*REQUIREMENT*: Retype the range from the line holding "air-jordan-12 DV6989-100" to the last line of the listing, inclusive, exactly as it appears and with nothing else.
--- DATA SHOWN ---
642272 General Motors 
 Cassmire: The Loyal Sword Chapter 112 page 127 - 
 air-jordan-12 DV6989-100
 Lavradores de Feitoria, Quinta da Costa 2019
---
*TASK RESPONSE*:
 air-jordan-12 DV6989-100
 Lavradores de Feitoria, Quinta da Costa 2019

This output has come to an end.